12.000 persone sopra a un ricco campo da golf
Molti conoscono il movimento dei Sem Terra in Brasile, pochi invece il Movimento dos Trabalhadores Sem Teto, movimento dei lavoratori senza tetto (Mtst), nato dieci anni fa come emanazione dei Sem Terra. E ce n'era bisogno perché in Brasile, per quanto l'estensione sia immensa (28 volte l'Italia), solo il 12% circa della popolazione vive in zone rurali. La riforma agraria continua ad essere rimandata e la grandissima maggioranza vive nelle città. E che città! San Paolo, 20 milioni di abitanti, sembra non finire mai. Le visioni aeree di questa metropoli lasciano senza fiato, distese di grattacieli alternati a favelas che si ripetono dietro ogni collina, poche zone verdi accerchiate da un formicolìo costante. Nella grande San Paolo si contano 2779 favelas, alcune grandi come città: una su tutte, Heliopolis, 125mila abitanti.
ParaisopolisFavelas oramai spesso «urbanizzate» ovvero con costruzioni in muratura, con nomi curiosi come «Paraisopolis», altra immensa favela che confina con ville sontuose con alti muri di cinta, dove possono atterrare elicotteri e dalle quali capita di vedere le luci degli show che si tengono nei loro parchi nel fine settimana... Favelas dove oramai «gli affitti sono alti», favelas che spesso sono preferibili a quartieri popolari in periferie lontane due-tre ore dal centro con i mezzi pubblici.
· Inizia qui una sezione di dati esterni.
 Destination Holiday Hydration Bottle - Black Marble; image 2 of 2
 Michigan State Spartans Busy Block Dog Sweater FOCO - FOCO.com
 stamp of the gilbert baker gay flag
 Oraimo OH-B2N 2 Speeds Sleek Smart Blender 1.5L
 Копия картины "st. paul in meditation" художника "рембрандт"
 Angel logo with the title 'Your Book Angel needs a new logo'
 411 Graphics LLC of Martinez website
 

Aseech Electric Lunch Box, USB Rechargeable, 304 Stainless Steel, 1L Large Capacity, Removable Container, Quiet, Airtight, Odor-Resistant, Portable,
In questo quadro che sembra senza uscita, in questa situazione che sembra paralizzare ogni sogno, dove tv e sette religiose sembrano rintronare ogni testa, un movimento come il Mtst, riesce ad organizzare un'occupazione di un terreno di più di più di cento ettari unendo inizialmente 2-300 famiglie che in una notte, arrivando con pullman e camion, piantano velocemente le loro tende con semplici pali di legno e cellophan nero, quello dei sacchi della spazzatura.
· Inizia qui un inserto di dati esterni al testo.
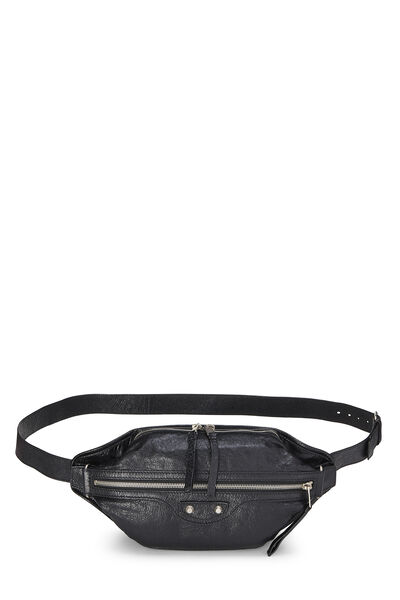 Black Agneau Neo Lift Belt Bag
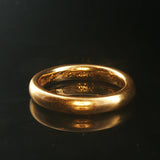 Antique 18k Yellow Gold 5.7g Solid Polished 3.5mm Band Ring Size 6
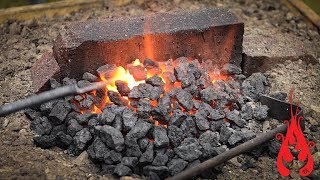 Blacksmithing  Building a simple DIY forge [upl. by Anirbas]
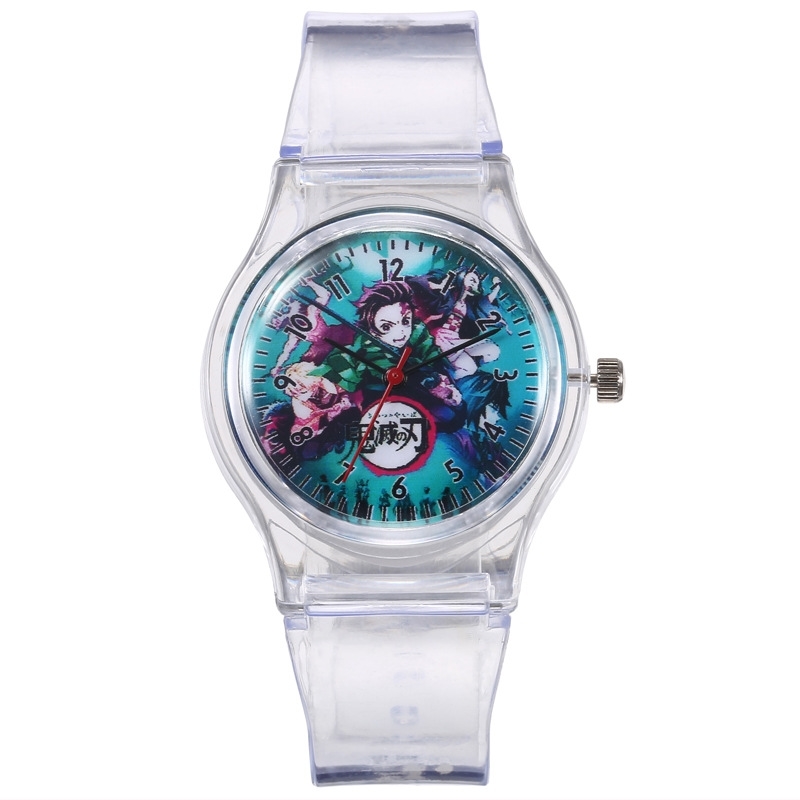 Ghost blade fashion children cartoon transparent boys and girls quartz watch gift
Ghost blade fashion children cartoon transparent boys and girls quartz watch gift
E' così che, dalla notte del 16 marzo scorso, il Mtst con una cinquantina di giovanissimi militanti e molte famiglie di senza tetto sta occupando il terreno di un ricco proprietario che ha già messo in moto tutti i suoi poteri. E se il «peso» di questo proprietario si sta rivelando maggiore del previsto, anche il numero di coloro che si stanno unendo all'occupazione sta crescendo: oramai sono più di 12.000 persone. Difficile sgomberarle.
Quando arrivo l'impressione è di arrivare al Circo Massimo: il colpo d'occhio è lo stesso della fine delle grandi manifestazioni di Roma. Ma può sembrare anche un campo profughi, una zona del Kosovo o di qualsiasi altra zona in guerra. Una guerra differente. Una vallata coperta di tende nere e baracche, un accampamento dove centinaia di uomini, ma soprattutto donne e bambini, si aggirano trasportando pali, taniche d'acqua, un piatto di riso e fagioli. C'è fermento, entusiasmo.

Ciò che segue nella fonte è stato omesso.